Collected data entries
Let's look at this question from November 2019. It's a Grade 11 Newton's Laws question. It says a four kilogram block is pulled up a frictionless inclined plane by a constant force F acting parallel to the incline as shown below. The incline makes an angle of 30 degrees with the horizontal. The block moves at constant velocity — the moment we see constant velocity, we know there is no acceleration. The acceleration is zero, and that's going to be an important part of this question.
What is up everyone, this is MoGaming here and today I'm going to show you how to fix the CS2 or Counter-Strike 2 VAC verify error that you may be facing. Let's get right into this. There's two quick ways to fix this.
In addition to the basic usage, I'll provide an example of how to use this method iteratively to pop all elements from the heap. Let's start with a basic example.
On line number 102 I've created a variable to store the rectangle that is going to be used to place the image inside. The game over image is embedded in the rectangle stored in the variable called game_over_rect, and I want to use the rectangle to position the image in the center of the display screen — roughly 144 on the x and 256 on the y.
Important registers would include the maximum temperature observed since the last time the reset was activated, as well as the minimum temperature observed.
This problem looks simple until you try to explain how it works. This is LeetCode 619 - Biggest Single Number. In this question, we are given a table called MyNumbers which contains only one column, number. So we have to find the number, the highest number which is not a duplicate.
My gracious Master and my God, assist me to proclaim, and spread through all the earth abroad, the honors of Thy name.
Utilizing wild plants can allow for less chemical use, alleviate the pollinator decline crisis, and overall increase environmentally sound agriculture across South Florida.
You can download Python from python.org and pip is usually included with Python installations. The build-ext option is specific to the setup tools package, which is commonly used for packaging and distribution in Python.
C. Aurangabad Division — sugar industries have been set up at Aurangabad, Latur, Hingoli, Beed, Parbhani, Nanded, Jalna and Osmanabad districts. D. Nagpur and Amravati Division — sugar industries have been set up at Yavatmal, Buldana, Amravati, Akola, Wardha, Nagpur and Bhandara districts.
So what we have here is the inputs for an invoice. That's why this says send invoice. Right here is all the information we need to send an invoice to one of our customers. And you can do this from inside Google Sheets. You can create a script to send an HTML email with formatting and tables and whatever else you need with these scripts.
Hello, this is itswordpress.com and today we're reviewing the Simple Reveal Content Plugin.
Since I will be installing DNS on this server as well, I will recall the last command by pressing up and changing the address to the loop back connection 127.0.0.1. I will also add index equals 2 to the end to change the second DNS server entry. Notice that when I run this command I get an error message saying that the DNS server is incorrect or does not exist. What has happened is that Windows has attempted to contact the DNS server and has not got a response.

** What to produce **
What is needed here is an exact copy of every record.

** Answer box **
Let's look at this question from November 2019. It's a Grade 11 Newton's Laws question. It says a four kilogram block is pulled up a frictionless inclined plane by a constant force F acting parallel to the incline as shown below. The incline makes an angle of 30 degrees with the horizontal. The block moves at constant velocity — the moment we see constant velocity, we know there is no acceleration. The acceleration is zero, and that's going to be an important part of this question.
What is up everyone, this is MoGaming here and today I'm going to show you how to fix the CS2 or Counter-Strike 2 VAC verify error that you may be facing. Let's get right into this. There's two quick ways to fix this.
In addition to the basic usage, I'll provide an example of how to use this method iteratively to pop all elements from the heap. Let's start with a basic example.
On line number 102 I've created a variable to store the rectangle that is going to be used to place the image inside. The game over image is embedded in the rectangle stored in the variable called game_over_rect, and I want to use the rectangle to position the image in the center of the display screen — roughly 144 on the x and 256 on the y.
Important registers would include the maximum temperature observed since the last time the reset was activated, as well as the minimum temperature observed.
This problem looks simple until you try to explain how it works. This is LeetCode 619 - Biggest Single Number. In this question, we are given a table called MyNumbers which contains only one column, number. So we have to find the number, the highest number which is not a duplicate.
My gracious Master and my God, assist me to proclaim, and spread through all the earth abroad, the honors of Thy name.
Utilizing wild plants can allow for less chemical use, alleviate the pollinator decline crisis, and overall increase environmentally sound agriculture across South Florida.
You can download Python from python.org and pip is usually included with Python installations. The build-ext option is specific to the setup tools package, which is commonly used for packaging and distribution in Python.
C. Aurangabad Division — sugar industries have been set up at Aurangabad, Latur, Hingoli, Beed, Parbhani, Nanded, Jalna and Osmanabad districts. D. Nagpur and Amravati Division — sugar industries have been set up at Yavatmal, Buldana, Amravati, Akola, Wardha, Nagpur and Bhandara districts.
So what we have here is the inputs for an invoice. That's why this says send invoice. Right here is all the information we need to send an invoice to one of our customers. And you can do this from inside Google Sheets. You can create a script to send an HTML email with formatting and tables and whatever else you need with these scripts.
Hello, this is itswordpress.com and today we're reviewing the Simple Reveal Content Plugin.
Since I will be installing DNS on this server as well, I will recall the last command by pressing up and changing the address to the loop back connection 127.0.0.1. I will also add index equals 2 to the end to change the second DNS server entry. Notice that when I run this command I get an error message saying that the DNS server is incorrect or does not exist. What has happened is that Windows has attempted to contact the DNS server and has not got a response.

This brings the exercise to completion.